**STUDY MATERIAL**
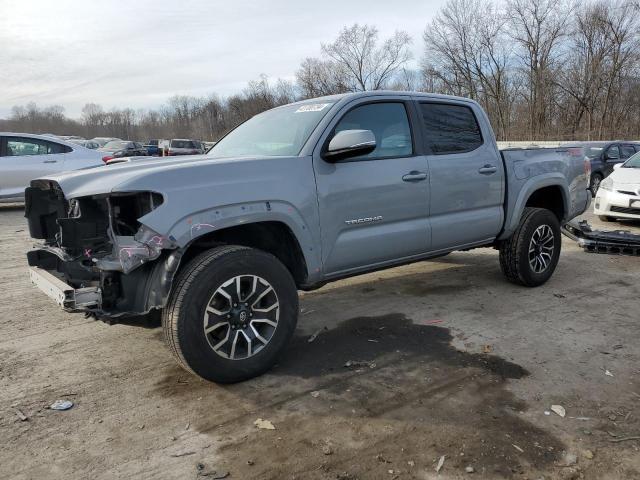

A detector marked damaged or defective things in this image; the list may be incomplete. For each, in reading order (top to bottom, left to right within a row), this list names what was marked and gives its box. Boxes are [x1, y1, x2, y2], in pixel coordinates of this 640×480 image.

crumpled hood [37, 155, 288, 198]
damaged front end [25, 180, 180, 322]
missing front bumper [29, 266, 102, 312]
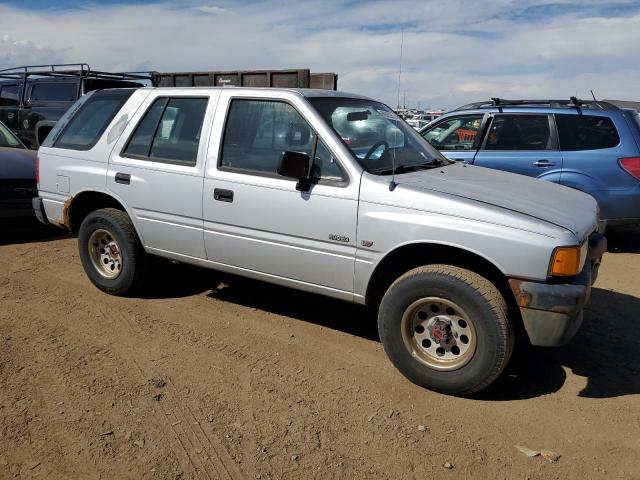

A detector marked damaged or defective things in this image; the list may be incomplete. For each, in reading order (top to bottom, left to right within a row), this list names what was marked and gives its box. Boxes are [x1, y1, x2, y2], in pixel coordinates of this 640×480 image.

rusty wheel well [67, 191, 127, 232]
rusty wheel well [364, 242, 524, 336]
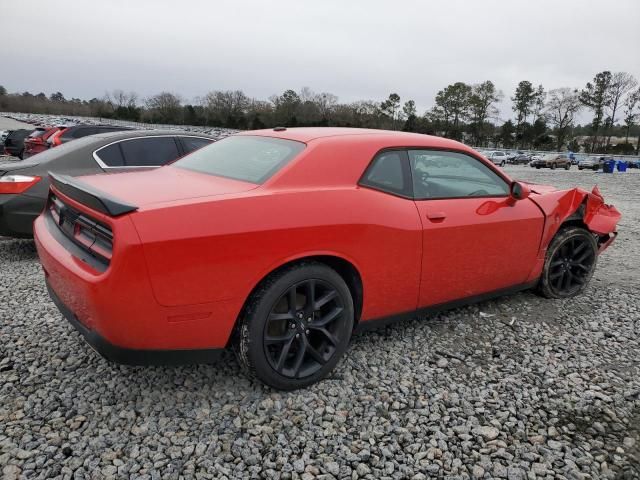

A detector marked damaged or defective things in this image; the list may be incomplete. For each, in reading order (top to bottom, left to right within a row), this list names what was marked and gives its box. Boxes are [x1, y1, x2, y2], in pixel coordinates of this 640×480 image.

damaged front fender [524, 183, 620, 253]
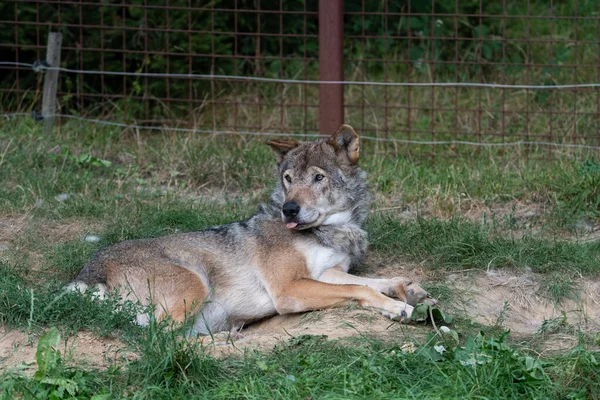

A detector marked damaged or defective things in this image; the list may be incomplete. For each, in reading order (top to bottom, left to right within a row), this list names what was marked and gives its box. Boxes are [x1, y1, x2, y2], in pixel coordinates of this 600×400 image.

rusty pole [316, 0, 344, 135]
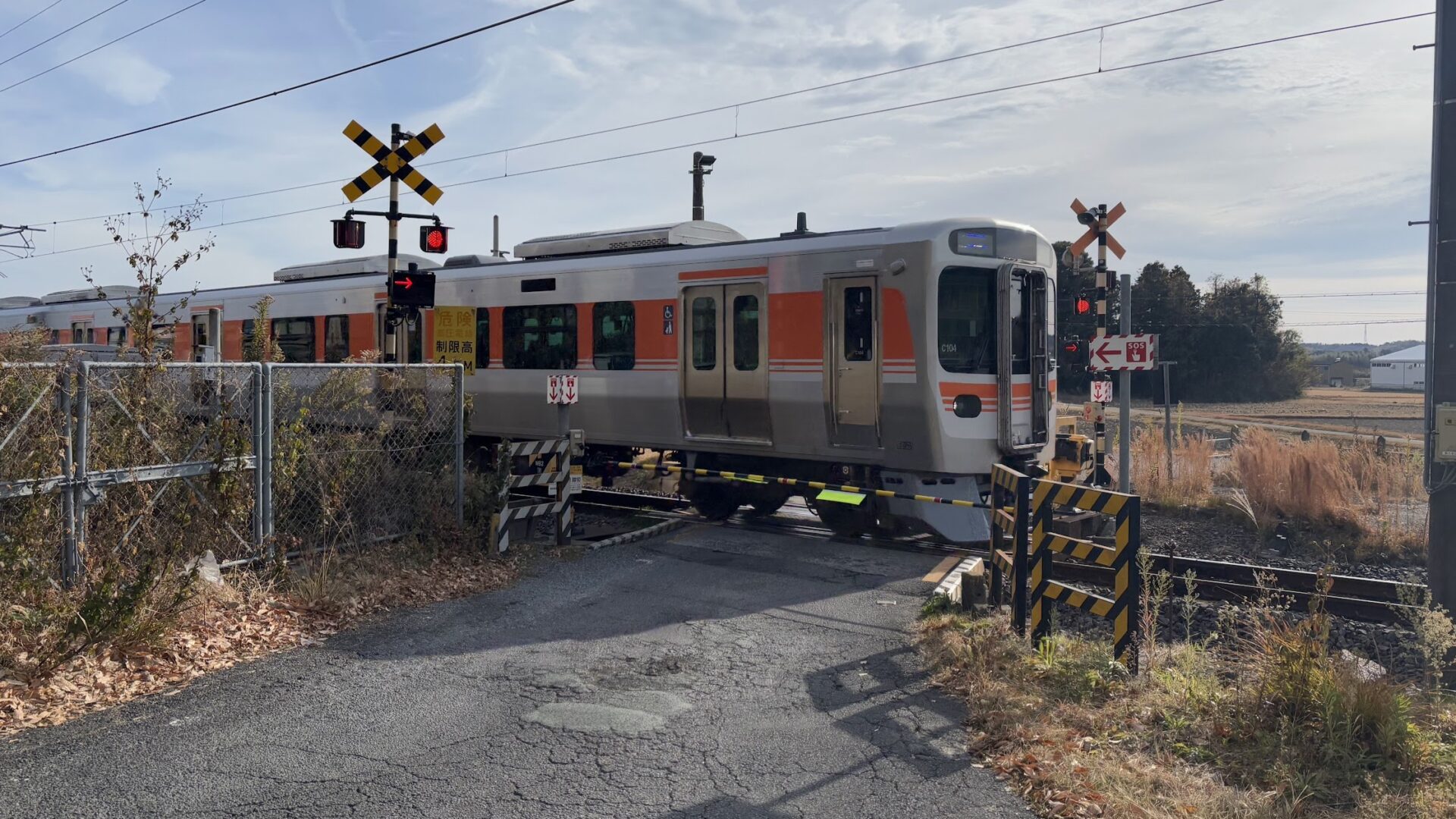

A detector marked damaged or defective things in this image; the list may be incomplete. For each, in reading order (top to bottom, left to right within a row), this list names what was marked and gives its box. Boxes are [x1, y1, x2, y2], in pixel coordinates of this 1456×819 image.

**INSTRUCTIONS FOR THE TASK**
Transcribe the listing exactly; omit all images.

**RESPONSE BELOW**
A detector marked damaged or defective things in this image; the list may be incomplete. For each, in reading order (top to bottom, left to right within a row), this list names what was marked and gives its box. Boxes are [x1, y1, x2, y2], in pixel coordinates of this 640×480 image.

crumpled hood [37, 155, 288, 198]
damaged front end [25, 180, 180, 322]
missing front bumper [29, 266, 102, 312]

A detector marked damaged or defective things in this image; the list may be incomplete. For each, in reading order (top to bottom, left to right within a row), this list names what was marked and gives its box. Boxes are [x1, y1, x2, y2], in pixel coordinates of this 640×480 image.

rusty wheel well [67, 191, 127, 232]
rusty wheel well [364, 242, 524, 336]

A detector marked damaged or defective things in this image; the list may be incomplete. For each, in reading order (top to bottom, left to right within a row), this list names what was marked and gives its box. Boxes are [x1, y1, x2, y2], in pixel coordinates of this 640×480 image.

damaged front fender [524, 183, 620, 253]

A detector marked damaged or defective things in this image; the list may be incomplete. For each, in reading order (top to bottom, left to right within a row), this list names what was marked and gives its box. Boxes are [x1, y1, x2, y2], in pixel coordinates of this 600×400 image.

rusty pole [316, 0, 344, 135]

A detector marked damaged or defective things in this image; the list may be incomplete. For each, in reading order (top to bottom, left to right within a row), this list names what was marked and gives its box. Boxes are [x1, y1, x2, y2], in pixel coordinates of this 1456×819 image.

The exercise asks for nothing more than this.